===== Source material =====
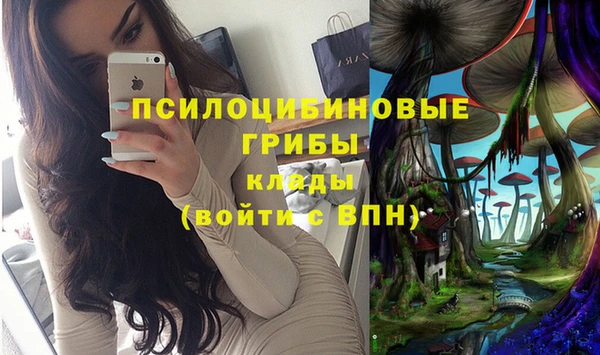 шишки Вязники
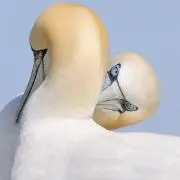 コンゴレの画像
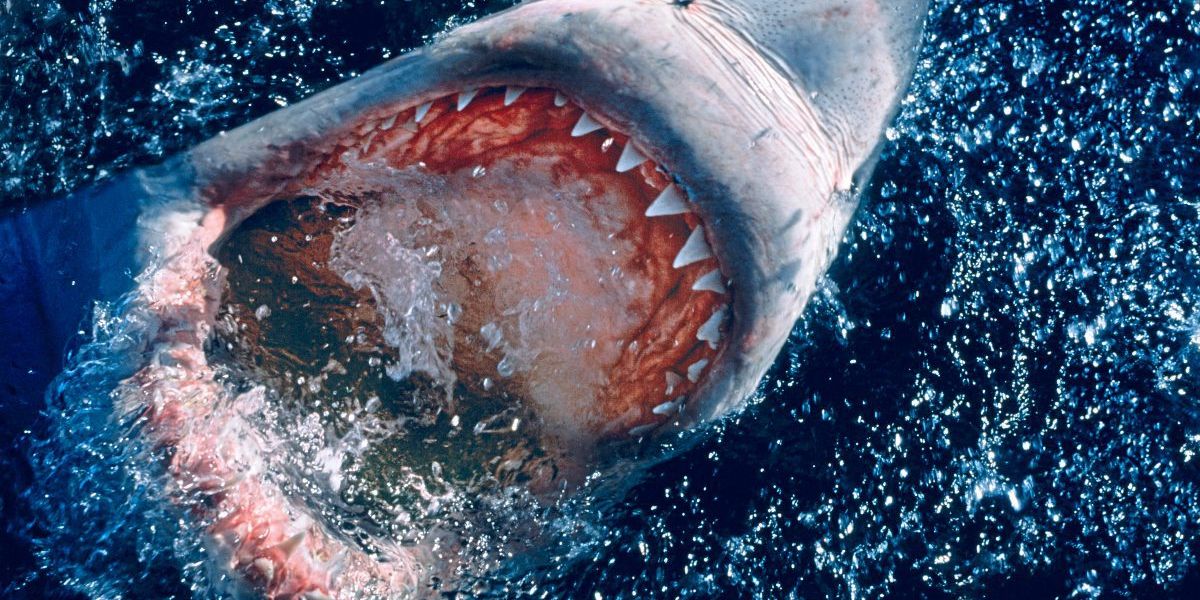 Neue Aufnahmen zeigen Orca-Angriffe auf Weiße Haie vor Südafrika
=====
===== Source material =====
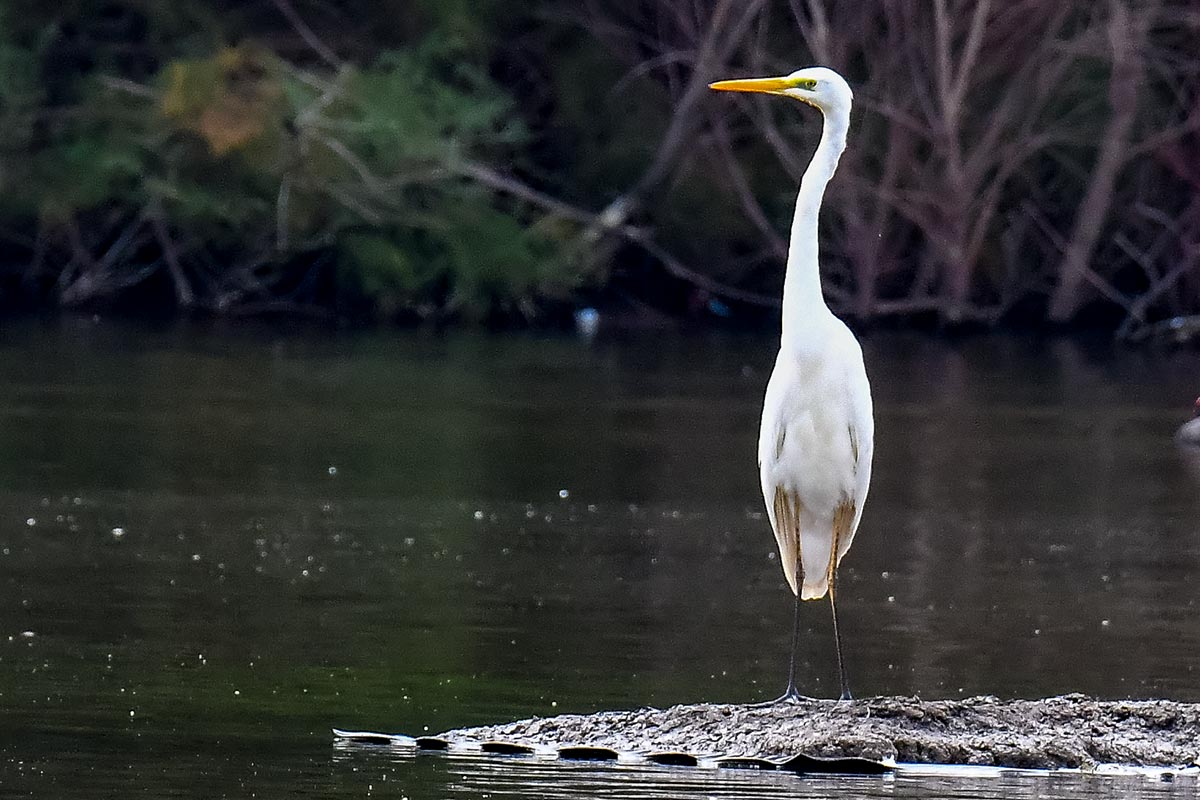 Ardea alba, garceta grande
=====
What is being asked
Leave the pictures out. Output, exactly, the lines of the material above starting at the line containing "шишки Вязники" and ending at the line containing "Neue Aufnahmen zeigen".

Solved problem
 шишки Вязники
 コンゴレの画像
 Neue Aufnahmen zeigen Orca-Angriffe auf Weiße Haie vor Südafrika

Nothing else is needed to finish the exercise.